The new restrictions won’t apply in any incorporated municipality, some of which already have stringent building codes to prevent flooding. Surfside Beach, for example, requires a three-foot freeboard, and the ordinance the council passed Tuesday wouldn’t affect that.

The new maps the county adopted as part of the ordinance clearly define the 100-year floodplain, as well as the high water marks reached during Hurricane Florence in 2018. By adopting those maps, county planners said, the county can now hold builders accountable to where flood waters actually rise to. However, the new restrictions will only apply to the areas outlined on the maps, viewable on the county’s Map Your Move website.

“If Council approves (the ordinance), it will be the current effective flood maps, the preliminary flood maps and the supplemental, whichever is the highest and most stringent of the three would apply for building purposes,” said Lauren Harrelson, the county’s flood hazard reduction officer who worked on the ordinance. “If you are located outside of that our flood ordinance would not apply to you and therefore those regulations do not apply to you.”

The revised ordinances could also save residents money on their annual flood insurance bills. When a local government imposes stricter building standards, a property’s risk of flooding is decreased. When a home is built three feet or more above flooding levels, Harrelson told council members Tuesday, a homeowner could save up to $95,000 on flood insurance over the course of a decade.

At Tuesday’s meeting, advocates with Horry County Rising, many of whose homes have flooded during past storms, urged County Council members to pass the updated ordinance.

“It’s difficult to talk about the physical and financial devastation of flooding,” said Kevin Mishoe, a resident of the Bucksport community. “We pray and hope that our council will (support this ordinance).”

Ultimately, the council voted to pass the ordinance unanimously, clearing the path for the ordinance to win a final approval in two weeks.

Council member Johnny Vaught proposed lowering the freeboard requirement from three feet to two feet, but no other council members took him up on that proposal.

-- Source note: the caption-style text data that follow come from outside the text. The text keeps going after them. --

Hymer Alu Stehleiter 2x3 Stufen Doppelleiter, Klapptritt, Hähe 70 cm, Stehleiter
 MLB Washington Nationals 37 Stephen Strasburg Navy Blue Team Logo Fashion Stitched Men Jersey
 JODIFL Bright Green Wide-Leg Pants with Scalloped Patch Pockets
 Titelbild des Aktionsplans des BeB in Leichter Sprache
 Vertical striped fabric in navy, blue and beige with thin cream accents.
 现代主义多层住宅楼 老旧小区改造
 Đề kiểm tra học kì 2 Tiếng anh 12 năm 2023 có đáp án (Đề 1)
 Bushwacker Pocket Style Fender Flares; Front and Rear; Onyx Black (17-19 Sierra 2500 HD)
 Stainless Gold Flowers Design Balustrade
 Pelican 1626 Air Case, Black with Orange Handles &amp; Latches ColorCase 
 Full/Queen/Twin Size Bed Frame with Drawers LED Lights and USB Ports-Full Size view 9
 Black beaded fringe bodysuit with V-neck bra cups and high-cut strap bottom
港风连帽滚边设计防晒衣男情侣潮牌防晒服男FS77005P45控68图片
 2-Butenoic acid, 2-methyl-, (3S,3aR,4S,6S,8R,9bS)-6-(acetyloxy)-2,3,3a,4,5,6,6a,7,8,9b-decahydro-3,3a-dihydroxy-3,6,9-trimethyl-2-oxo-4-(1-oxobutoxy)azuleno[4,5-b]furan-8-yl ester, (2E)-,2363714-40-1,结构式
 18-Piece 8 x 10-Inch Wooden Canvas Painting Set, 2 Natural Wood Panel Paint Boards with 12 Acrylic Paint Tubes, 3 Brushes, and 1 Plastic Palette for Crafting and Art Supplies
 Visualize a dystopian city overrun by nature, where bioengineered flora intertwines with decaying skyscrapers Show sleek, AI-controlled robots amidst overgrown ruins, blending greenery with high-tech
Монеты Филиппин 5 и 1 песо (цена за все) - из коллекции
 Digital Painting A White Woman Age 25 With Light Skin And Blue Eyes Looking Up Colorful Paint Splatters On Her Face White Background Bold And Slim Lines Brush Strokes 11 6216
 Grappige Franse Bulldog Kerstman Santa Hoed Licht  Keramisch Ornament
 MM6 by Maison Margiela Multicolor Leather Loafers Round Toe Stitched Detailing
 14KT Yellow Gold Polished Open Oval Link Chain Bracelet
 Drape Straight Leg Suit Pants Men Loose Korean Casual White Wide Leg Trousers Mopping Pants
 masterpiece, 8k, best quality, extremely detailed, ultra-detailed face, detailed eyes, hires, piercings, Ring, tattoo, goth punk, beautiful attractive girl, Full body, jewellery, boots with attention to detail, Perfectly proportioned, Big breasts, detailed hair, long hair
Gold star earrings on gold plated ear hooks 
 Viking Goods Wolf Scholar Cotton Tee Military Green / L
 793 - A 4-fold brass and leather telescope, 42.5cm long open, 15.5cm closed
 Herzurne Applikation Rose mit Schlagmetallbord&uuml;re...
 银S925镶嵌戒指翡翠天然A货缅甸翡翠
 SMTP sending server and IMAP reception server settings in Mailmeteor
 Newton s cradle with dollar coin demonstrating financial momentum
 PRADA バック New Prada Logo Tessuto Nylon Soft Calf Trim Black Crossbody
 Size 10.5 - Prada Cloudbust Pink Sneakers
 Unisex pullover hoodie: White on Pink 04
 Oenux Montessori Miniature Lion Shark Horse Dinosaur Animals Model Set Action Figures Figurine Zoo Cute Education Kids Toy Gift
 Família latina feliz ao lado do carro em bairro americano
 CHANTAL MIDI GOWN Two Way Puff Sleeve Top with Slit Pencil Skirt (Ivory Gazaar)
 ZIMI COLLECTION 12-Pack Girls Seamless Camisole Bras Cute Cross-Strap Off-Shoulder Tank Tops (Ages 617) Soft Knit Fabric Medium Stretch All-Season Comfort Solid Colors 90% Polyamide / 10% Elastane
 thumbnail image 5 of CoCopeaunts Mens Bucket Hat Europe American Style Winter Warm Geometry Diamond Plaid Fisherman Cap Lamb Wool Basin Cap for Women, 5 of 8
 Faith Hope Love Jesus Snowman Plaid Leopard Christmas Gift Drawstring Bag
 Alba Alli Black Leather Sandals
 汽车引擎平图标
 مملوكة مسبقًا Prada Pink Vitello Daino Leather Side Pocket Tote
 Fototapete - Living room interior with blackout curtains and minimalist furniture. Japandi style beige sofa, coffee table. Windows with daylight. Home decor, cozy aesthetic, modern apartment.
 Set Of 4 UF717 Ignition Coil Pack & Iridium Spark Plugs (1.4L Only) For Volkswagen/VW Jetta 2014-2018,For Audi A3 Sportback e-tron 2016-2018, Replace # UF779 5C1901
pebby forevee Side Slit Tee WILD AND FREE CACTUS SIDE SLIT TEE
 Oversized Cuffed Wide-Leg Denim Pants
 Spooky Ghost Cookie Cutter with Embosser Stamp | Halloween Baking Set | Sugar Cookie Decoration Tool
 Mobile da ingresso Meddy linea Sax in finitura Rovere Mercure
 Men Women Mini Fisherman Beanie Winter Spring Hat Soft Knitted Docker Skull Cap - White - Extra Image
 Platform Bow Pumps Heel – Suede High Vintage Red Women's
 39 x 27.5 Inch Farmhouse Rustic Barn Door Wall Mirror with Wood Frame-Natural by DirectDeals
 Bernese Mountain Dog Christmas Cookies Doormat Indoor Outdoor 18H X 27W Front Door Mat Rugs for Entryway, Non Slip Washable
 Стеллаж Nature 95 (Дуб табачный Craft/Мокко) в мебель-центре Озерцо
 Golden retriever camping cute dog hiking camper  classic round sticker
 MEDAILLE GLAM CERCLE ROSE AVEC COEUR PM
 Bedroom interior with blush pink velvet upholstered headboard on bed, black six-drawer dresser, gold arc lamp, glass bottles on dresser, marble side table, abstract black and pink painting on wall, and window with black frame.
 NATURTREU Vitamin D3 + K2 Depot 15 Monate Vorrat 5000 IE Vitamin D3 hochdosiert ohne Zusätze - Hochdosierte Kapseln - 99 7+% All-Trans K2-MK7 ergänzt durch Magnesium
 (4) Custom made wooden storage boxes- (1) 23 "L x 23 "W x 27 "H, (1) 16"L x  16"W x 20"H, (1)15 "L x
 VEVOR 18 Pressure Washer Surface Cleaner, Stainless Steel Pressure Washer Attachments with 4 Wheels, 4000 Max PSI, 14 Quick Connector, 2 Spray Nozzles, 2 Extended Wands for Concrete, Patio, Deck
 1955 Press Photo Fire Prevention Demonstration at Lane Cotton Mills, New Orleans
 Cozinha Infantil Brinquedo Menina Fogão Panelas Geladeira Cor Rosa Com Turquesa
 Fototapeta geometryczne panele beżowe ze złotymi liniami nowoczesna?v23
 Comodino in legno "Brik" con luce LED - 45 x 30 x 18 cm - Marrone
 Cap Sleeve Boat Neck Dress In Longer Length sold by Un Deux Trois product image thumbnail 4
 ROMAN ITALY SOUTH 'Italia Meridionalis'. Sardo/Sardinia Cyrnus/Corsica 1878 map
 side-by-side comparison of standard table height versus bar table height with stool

Council member Tyler Servant, who wasn’t at the meeting, sent a message asking that county staff provide an amendment to the ordinance that would ensure business owners weren’t harmed by the stricter regulations.

Ahead of their vote, O’Leary thanked council members.

“It is going to provide some of the best flood prevention in South Carolina,” she said.

A long road to Tuesday

Upgrading the county’s building standards to match flood waters has been a long process, O’Leary and others said. O’Leary said she began working more diligently on flooding and building issues after her family was displaced from their home for a year after Hurricane Florence. That’s when she started Horry County Rising, a group that’s done community organizing to direct political pressure on local leaders to better respond to storms and flooding.

In December, O’Leary was named to special commission to study and respond to flooding in the county. By the spring, in addition to other work, the commission had produced a re-write of the county’s flood ordinance.

On Tuesday, O’Leary said it was an important day.

“Flood protection measures ... are really, really important to families that flood, families like myself, and the thousands of families that flood in Horry County, specifically over the last few years,” she said. “So these better protections and measures will really do a better job mitigating damages.”